What is being asked => When you reach the line containing "This work is", begin reproducing the material exactly, stop after the line containing "Right now, TensorFlow", and leave out any pictures along the way.

---

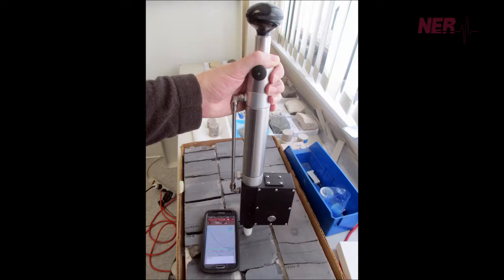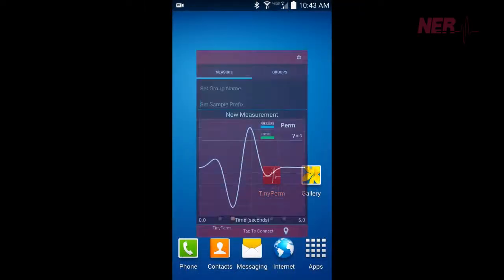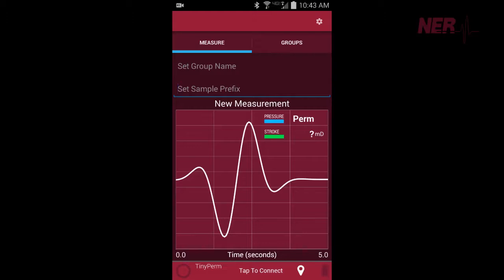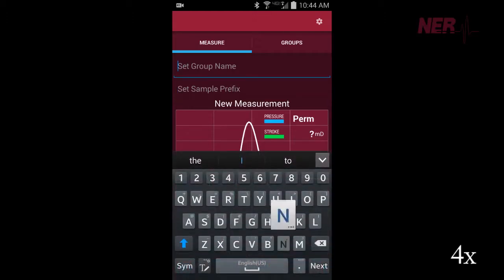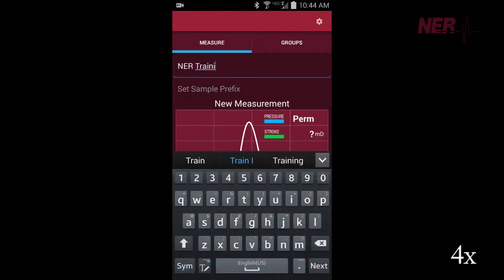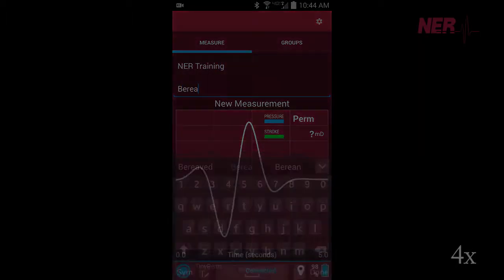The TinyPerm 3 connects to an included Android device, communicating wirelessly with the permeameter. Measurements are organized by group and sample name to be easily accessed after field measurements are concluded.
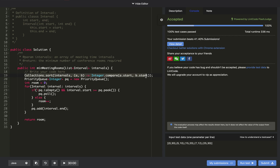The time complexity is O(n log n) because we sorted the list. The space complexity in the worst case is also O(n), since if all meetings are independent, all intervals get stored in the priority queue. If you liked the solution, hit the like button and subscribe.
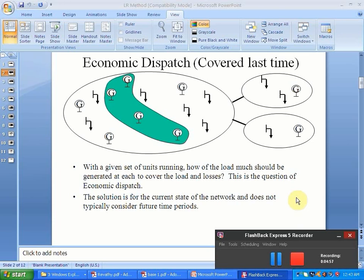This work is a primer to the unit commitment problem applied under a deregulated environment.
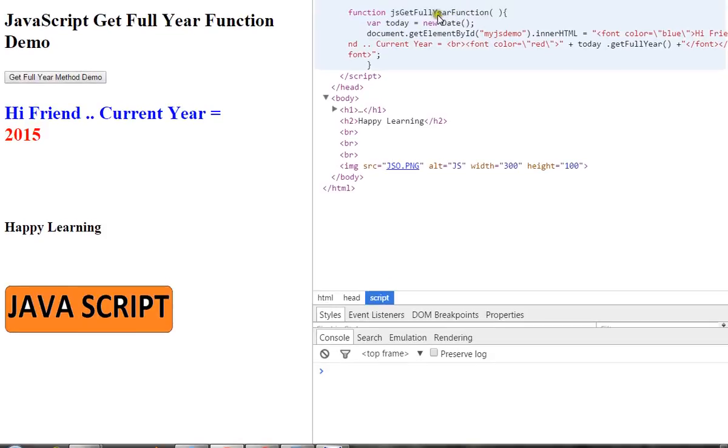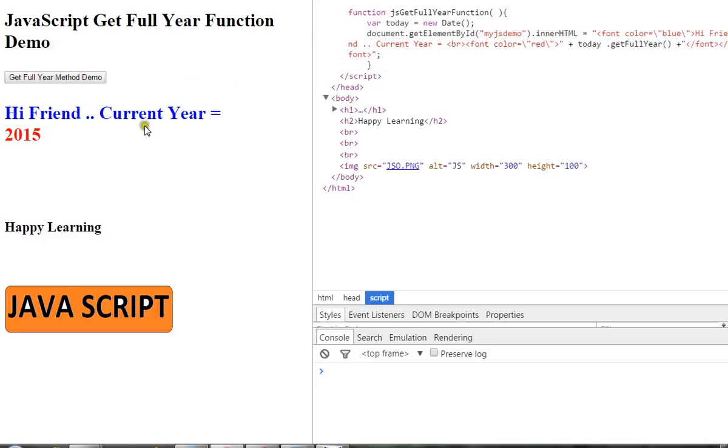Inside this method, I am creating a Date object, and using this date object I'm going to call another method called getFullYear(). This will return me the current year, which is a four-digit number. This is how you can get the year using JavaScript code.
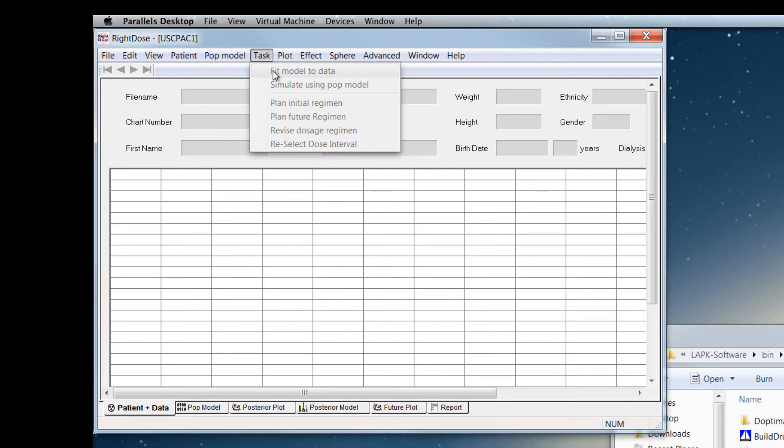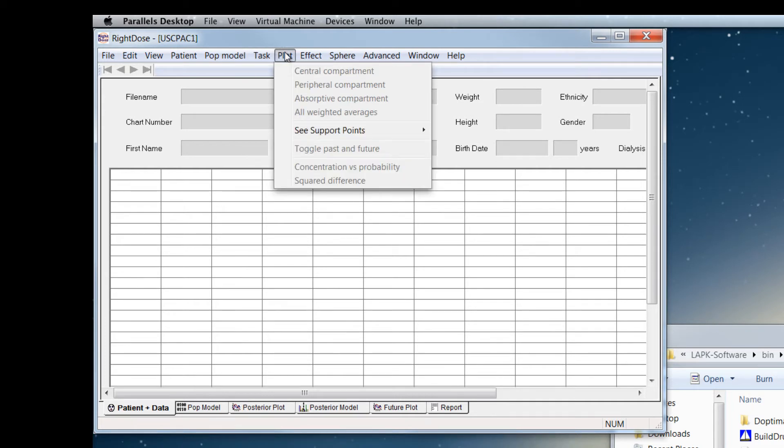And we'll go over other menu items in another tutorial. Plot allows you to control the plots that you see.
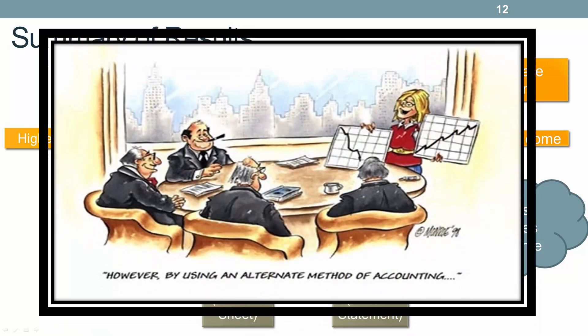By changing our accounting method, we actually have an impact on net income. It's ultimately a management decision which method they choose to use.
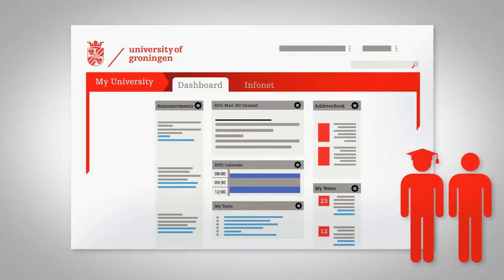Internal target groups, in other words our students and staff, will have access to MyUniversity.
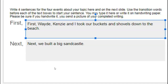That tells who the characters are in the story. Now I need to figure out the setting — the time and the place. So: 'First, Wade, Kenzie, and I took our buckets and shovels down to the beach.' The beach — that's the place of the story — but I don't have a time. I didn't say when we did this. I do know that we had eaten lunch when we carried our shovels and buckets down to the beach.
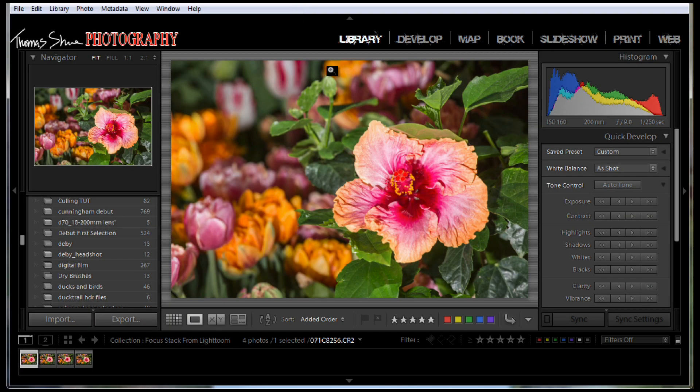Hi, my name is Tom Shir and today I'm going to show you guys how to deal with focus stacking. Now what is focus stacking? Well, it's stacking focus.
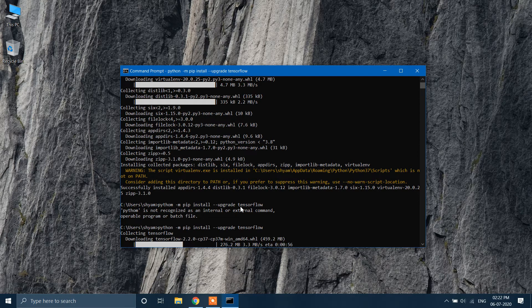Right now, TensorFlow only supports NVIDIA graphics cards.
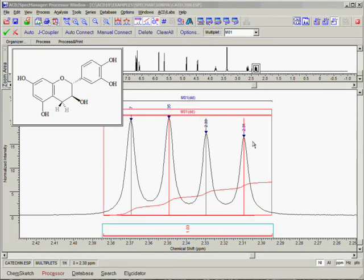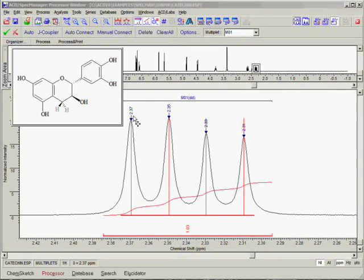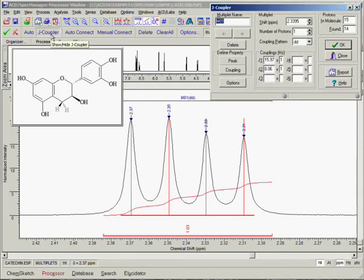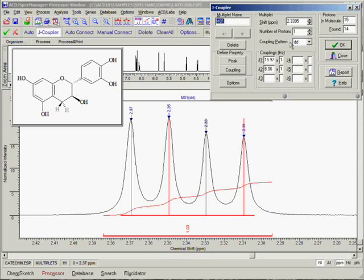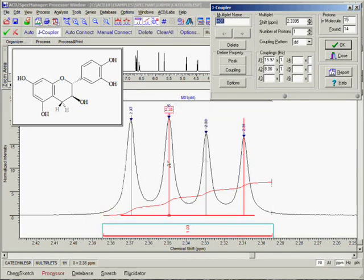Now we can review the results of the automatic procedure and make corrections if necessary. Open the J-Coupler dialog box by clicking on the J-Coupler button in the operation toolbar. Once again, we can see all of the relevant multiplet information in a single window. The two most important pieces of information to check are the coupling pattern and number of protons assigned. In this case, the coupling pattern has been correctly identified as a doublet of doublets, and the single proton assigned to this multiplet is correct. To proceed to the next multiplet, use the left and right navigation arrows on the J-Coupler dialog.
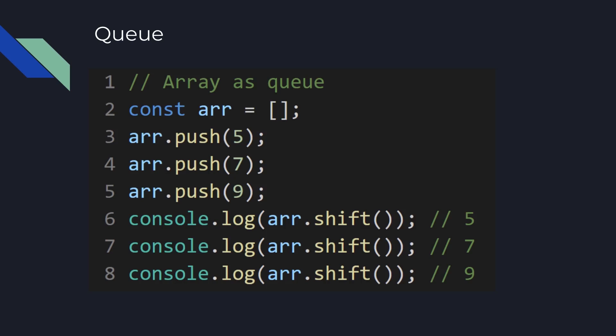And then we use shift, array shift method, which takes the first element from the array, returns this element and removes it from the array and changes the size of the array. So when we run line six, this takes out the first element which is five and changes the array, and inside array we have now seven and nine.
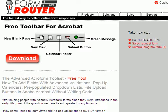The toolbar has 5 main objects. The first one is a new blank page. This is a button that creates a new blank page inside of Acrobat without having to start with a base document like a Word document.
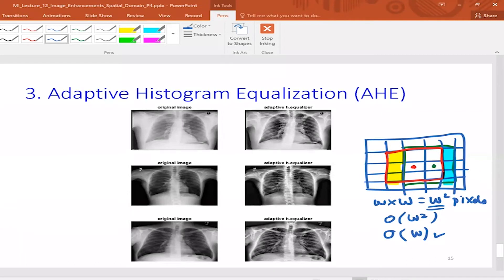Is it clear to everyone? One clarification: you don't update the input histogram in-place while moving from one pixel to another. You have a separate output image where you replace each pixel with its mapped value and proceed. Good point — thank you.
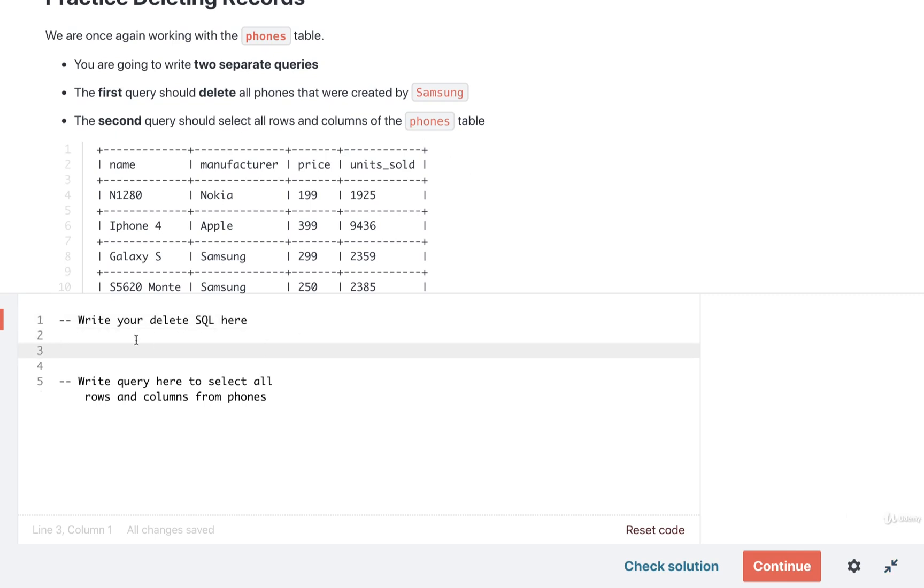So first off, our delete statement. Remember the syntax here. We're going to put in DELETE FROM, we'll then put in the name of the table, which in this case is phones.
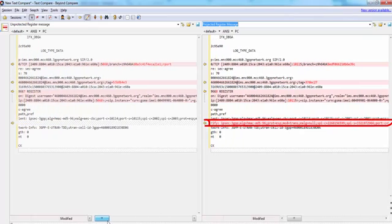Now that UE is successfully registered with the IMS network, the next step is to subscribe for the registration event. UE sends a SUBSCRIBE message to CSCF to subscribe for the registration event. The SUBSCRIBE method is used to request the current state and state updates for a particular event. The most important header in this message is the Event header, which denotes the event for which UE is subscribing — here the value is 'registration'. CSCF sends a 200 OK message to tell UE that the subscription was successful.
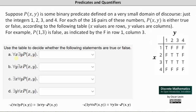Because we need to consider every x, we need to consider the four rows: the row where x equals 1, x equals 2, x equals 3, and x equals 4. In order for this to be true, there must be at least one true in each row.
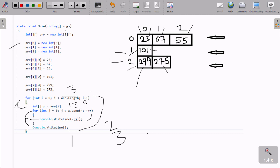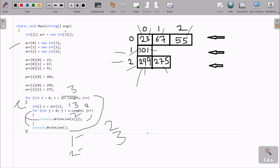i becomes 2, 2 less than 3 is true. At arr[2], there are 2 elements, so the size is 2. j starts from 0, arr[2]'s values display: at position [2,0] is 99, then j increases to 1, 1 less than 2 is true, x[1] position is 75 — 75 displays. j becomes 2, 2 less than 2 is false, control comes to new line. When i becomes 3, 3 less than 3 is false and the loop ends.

---

Solved problem =>
This work is a primer to the unit commitment problem applied under a deregulated environment.
Inside this method, I am creating a Date object, and using this date object I'm going to call another method called getFullYear(). This will return me the current year, which is a four-digit number. This is how you can get the year using JavaScript code.
And we'll go over other menu items in another tutorial. Plot allows you to control the plots that you see.
By changing our accounting method, we actually have an impact on net income. It's ultimately a management decision which method they choose to use.
Internal target groups, in other words our students and staff, will have access to MyUniversity.
That tells who the characters are in the story. Now I need to figure out the setting — the time and the place. So: 'First, Wade, Kenzie, and I took our buckets and shovels down to the beach.' The beach — that's the place of the story — but I don't have a time. I didn't say when we did this. I do know that we had eaten lunch when we carried our shovels and buckets down to the beach.
Hi, my name is Tom Shir and today I'm going to show you guys how to deal with focus stacking. Now what is focus stacking? Well, it's stacking focus.
Right now, TensorFlow only supports NVIDIA graphics cards.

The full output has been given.